А наших в Москве стало появляться все больше. Отступившие из Каунаса руководящие работники республики — Антанас Снечкус, Юстас Палецкис, Мечис Гедвилас, Казис Прейкшас, Адомас-Мескупас и другие — через Зарасай и Даугавпилс, тем же путем, что и Саломея Нерис, приехали в Москву и тоже остановились в Постпредстве. Чуть позднее появился Александрас Гузявичюс.
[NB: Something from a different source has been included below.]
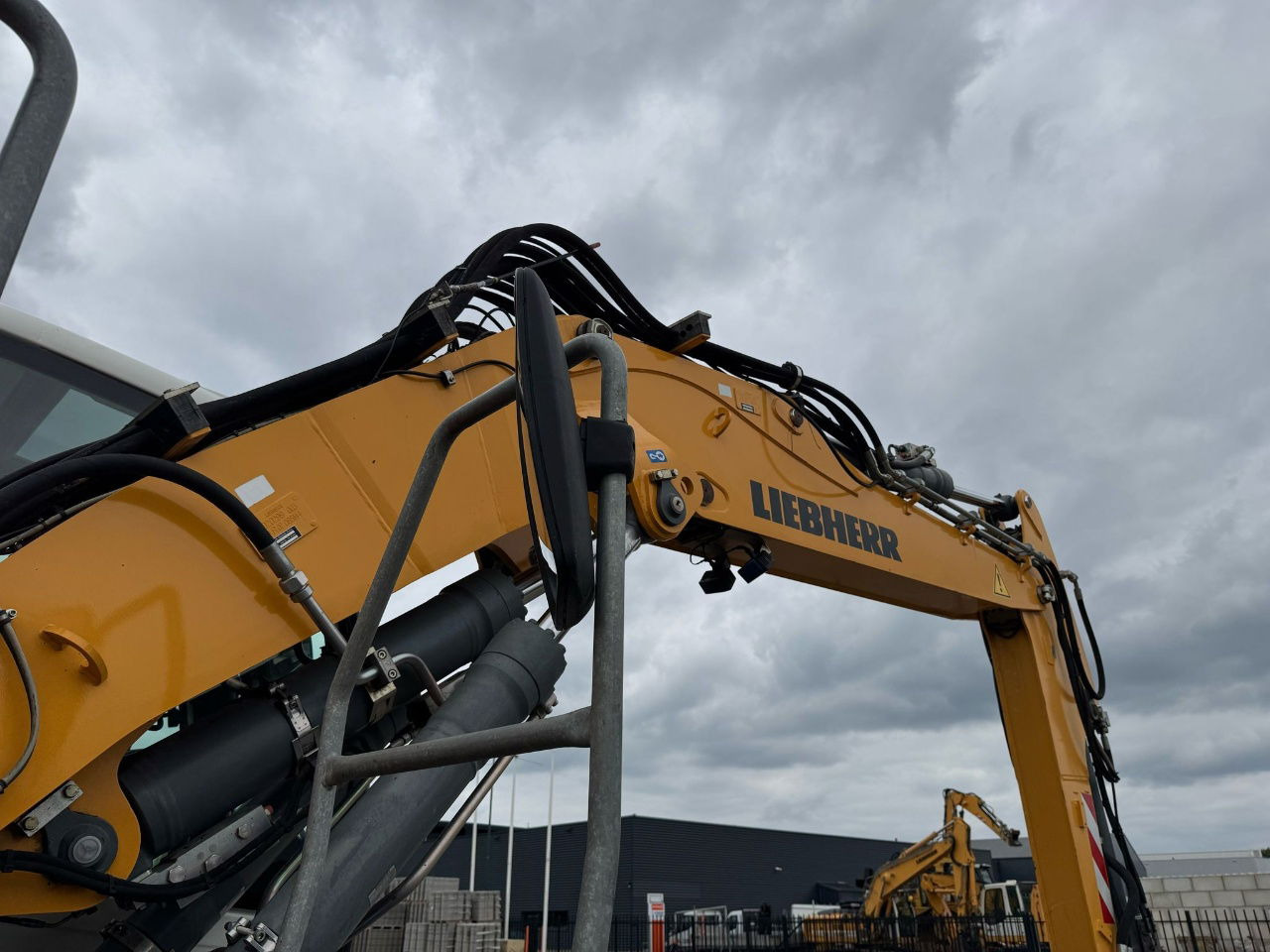 Escavadeira de rodas Liebherr A914 Rototilt: foto 15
Приехал председатель Радикомитета Литвы Юозас Банайтис{111}, прибыл редактор газеты «Тарибу Лиетува» Йонас Шимкус. Они могли наладить литовские радиопередачи из Москвы гораздо лучше, чем мы с Гирой. Наша работа, что ни говори, была «любительской». Теперь число передач увеличилось, для них уделяли больше времени, да и содержание их стало более разнообразным. Прибывшие рассказывали об изобиловавшей опасностями дороге от Каунаса до Москвы, о налетах немецкой авиации на шоссе Каунас — Зарасай, о гибели одного из самых благородных людей, каких я знал, — Пиюса Гловацкаса. Пиюс Гловацкас оказал влияние на меня, когда я учился во втором классе Мариямпольской гимназии. Позднее он долгие годы провел в тюрьмах буржуазной Литвы. Он вышел из заключения по амнистии еще летом 1939 года; во время Народного правительства работал вместе с Винцасом Креве в Министерстве иностранных дел, потом был назначен председателем Государственной плановой комиссии. Когда я снова встретился после долгих лет с Пиюсом Гловацкасом, — он, как и в юности, казался серьезным, ласковым, но волевым человеком. Когда я напомнил ему о мариямпольских временах и доме барышни Пликюте, где его полемика с атейтининками во мне вызвала настоящий внутренний переворот, он едва мог вспомнить меня, маленького гимназистика, одного из многих. А мне было приятно: вот тот человек, который, сам того не зная, сыграл большую роль в моей жизни. Ведь если я теперь здесь, вместе с новой Литвой, в этом заслуга и Пиюса Гловацкаса.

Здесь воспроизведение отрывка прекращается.